What you will do - Your task is to set down the line containing "Customers growing more" and every later line of the entries, word for word, including the last.

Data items
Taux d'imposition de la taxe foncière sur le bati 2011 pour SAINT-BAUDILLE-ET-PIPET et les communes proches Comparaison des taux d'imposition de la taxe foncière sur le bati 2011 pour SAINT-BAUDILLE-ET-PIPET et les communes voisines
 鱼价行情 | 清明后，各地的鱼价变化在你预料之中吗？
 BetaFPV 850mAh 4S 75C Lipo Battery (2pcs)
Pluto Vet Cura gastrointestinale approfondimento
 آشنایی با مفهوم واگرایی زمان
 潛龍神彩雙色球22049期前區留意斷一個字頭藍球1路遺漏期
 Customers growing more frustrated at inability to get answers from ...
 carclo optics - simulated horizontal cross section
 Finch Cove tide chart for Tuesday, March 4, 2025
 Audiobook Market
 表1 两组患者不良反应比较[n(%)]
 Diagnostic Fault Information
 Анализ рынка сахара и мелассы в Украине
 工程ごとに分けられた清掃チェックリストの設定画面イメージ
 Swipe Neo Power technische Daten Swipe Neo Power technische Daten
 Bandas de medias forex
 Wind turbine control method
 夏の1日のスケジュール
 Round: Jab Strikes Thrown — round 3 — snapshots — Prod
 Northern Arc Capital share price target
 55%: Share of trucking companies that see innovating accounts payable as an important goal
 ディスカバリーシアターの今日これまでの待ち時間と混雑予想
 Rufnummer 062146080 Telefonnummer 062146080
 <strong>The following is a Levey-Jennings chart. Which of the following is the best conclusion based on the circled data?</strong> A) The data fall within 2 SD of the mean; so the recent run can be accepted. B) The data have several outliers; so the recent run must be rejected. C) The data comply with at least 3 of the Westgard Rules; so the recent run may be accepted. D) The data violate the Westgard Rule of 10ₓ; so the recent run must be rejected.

Reply -
 Customers growing more frustrated at inability to get answers from ...
 carclo optics - simulated horizontal cross section
 Finch Cove tide chart for Tuesday, March 4, 2025
 Audiobook Market
 表1 两组患者不良反应比较[n(%)]
 Diagnostic Fault Information
 Анализ рынка сахара и мелассы в Украине
 工程ごとに分けられた清掃チェックリストの設定画面イメージ
 Swipe Neo Power technische Daten Swipe Neo Power technische Daten
 Bandas de medias forex
 Wind turbine control method
 夏の1日のスケジュール
 Round: Jab Strikes Thrown — round 3 — snapshots — Prod
 Northern Arc Capital share price target
 55%: Share of trucking companies that see innovating accounts payable as an important goal
 ディスカバリーシアターの今日これまでの待ち時間と混雑予想
 Rufnummer 062146080 Telefonnummer 062146080
 <strong>The following is a Levey-Jennings chart. Which of the following is the best conclusion based on the circled data?</strong> A) The data fall within 2 SD of the mean; so the recent run can be accepted. B) The data have several outliers; so the recent run must be rejected. C) The data comply with at least 3 of the Westgard Rules; so the recent run may be accepted. D) The data violate the Westgard Rule of 10ₓ; so the recent run must be rejected.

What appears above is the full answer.